SBS Dean John Hird wrote that the university will “restore the success” of the Labor Center in an email to faculty and staff.
Photo: Students during the April 2016 sit-in for fossil fuel divestment at UMass.
(Katherine Mayo/Daily Collegian)
Letters from concerned alumni and activists regarding funding cuts to the UMass Labor Center and Labor Studies master’s programs elicited a response from University of Massachusetts Amherst administrators over the weekend, with the administration attempting to dismiss the concerns of hundreds of stakeholders and accusing them of lying.
In an email obtained by The Double Standard, Dean John Hird of the College of Social and Behavioral Sciences dismisses the personal account of former Labor Center director Eve Weinbaum as “untrue” and assures his colleagues that administrators just want to “restore the success of all the Center’s programs.”
Hird has also sent a similar message as a form response to emails from activists.
In the email to faculty and staff, Hird used language that does not appear in emails to the public. Hird accused the activists opposed to the administration’s decisions of being “from outside the university” and belittled their concerns as “expressing distress” before he built up some straw man arguments to attack.
Outside agitators spreading lies and deceit about the good and truthful leaders of UMass? Sounds to me like yet another standard corporate propaganda response to criticism.

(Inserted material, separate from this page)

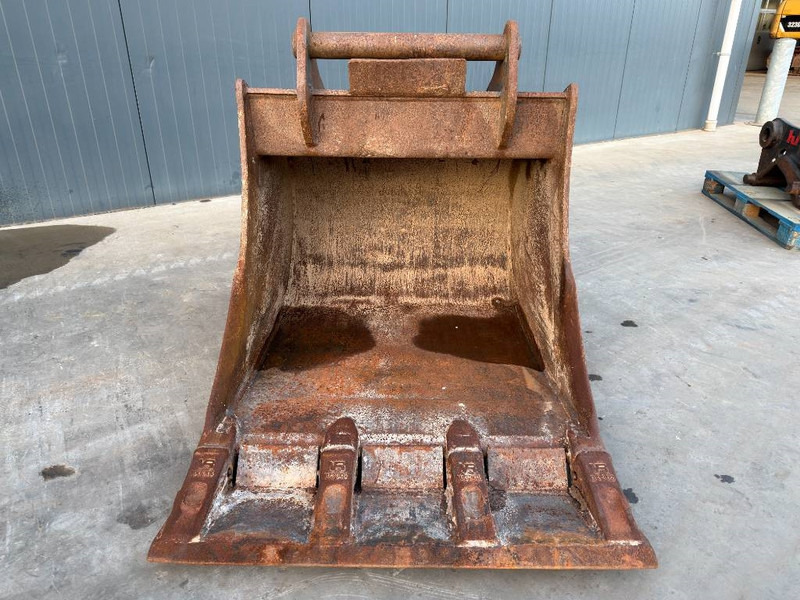 OilQuick OQ70/55 - 950mm - Cazo para Maquinaria de construcción: foto 2 OilQuick OQ70/55 - 950mm - Cazo para Maquinaria de construcción: foto 2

The email never mentions Professor Weinbaum by name, but it does describe what SBS and the Sociology Department have planned for the Labor Center going forward. According to Hird, the Labor Studies program faculty have plans to grow enrollments, and Professor Tom Juravich will be the Labor Center’s interim director. Hird’s narrative focuses on “rebuilding” and “restoring” the master’s programs, the damage to which Weinbaum blames on administrators.

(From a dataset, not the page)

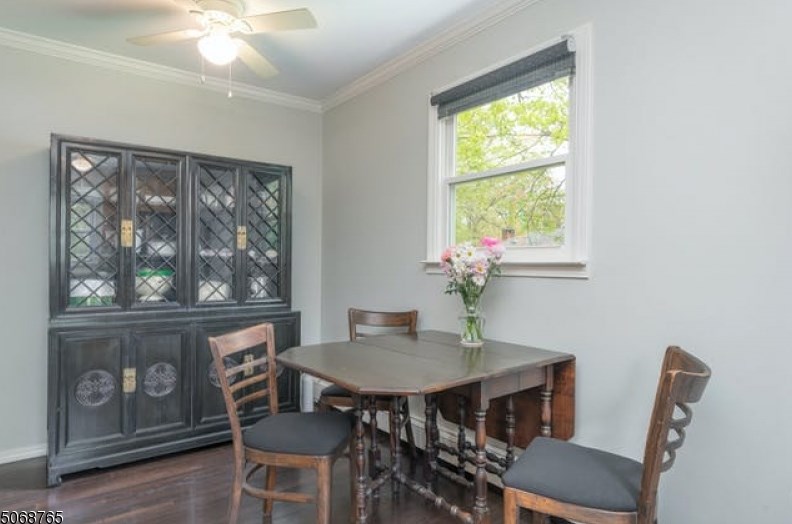 34 Brendona Ave, Stanhope NJ  07874-2117 exterior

Hird goes on to say that the residential master’s program’s “has struggled” due to “falling enrollments” without disputing Weinbaum’s assertion that maybe the massive cost increase has something to do with that. Hird also cites that the Union Leadership and Administration program taught during the winter and summer has “a significant budget surplus,” which will fill in the budget gap until Hird and Sociology Department Chair Michelle Budig’s plan can boost enrollment.
However, Hird never disputes that administrators cut master’s funding. He never provides any justification for the removal of Weinbaum. He never discusses the transformation of academic departments into “revenue generators.” And he never promises to maintain a full curriculum.
This is propaganda, plain and simple. Yes, administrators are under immense pressure due to extreme state underfunding and edicts from UMass System President Marty Meehan that all of the campuses have to find as many cuts as possible. But there is a line, and life-long academics like Hird, Budig and Provost Katherine Newman should know when they’re crossing it.
Hird continuously harps the same tired tune throughout his email:
“I am writing to assure you of the administration’s support for the Labor Center.”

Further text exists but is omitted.